St. Eve, Circuit Judge.

Kreg Therapeutics, Inc., a medical-supply company, contracted with VitalGo, Inc., maker of the Total Lift Bed® (or the "bed"), for exclusive distribution rights in several markets. A year and a half later, the arrangement soured. VitalGo told Kreg that it had not made the minimum-purchase commitments required by the contract for Kreg to keep its exclusivity. Kreg thought VitalGo was wrong on the facts and the contract’s requirements. This lawsuit ensued.
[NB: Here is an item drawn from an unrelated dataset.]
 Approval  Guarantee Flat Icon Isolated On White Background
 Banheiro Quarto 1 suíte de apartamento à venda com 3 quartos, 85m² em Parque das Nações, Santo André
In the district court, VitalGo did not make a strong showing in defending its case. The district court ruled during the summary-judgment stage that VitalGo breached the agreement, and the court treated that ruling as established for the case. That left only Kreg’s damages. The case went to a bench trial, despite an eleventh-hour request from VitalGo to have it dismissed on pleading grounds. After the bench trial, the district court ordered VitalGo to pay Kreg a little over $1,000,000 in lost-asset damages and prejudgment interest.

VitalGo appeals, arguing that the district court made a host of reversible errors. We see none and affirm.

I. Background
A. Factual History

The Total Lift Bed, as the name suggests, can incline to a near 90-degree angle with the occupant harnessed and upright. Hospitals use the beds when treating obese and elderly patients. And the beds are expensive, with some models running more than $10,000. Kreg is in the business of selling and renting specialty medical equipment to medical providers, and it sought a distribution arrangement with VitalGo for the beds.

The two parties entered into a written agreement in December 2009. The agreement conferred exclusive distribution rights of the Total Lift Bed to Kreg in several geographic regions: Indiana, Illinois, Wisconsin, and Atlanta, Georgia (the "original territories"). Those rights lasted until January 31, 2011, but paragraph 1.B. of the agreement contemplated their extension. If Kreg made a minimum-purchase commitment of $200,000 in each of the four territories before January 31, 2011, then paragraph 1.B. extended exclusivity for another year. The agreement also contained an in-writing clause. Per paragraph 23, any "notice or communication required or permitted" under the agreement "shall be made in writing and shall be sent by registered mail, return receipt requested."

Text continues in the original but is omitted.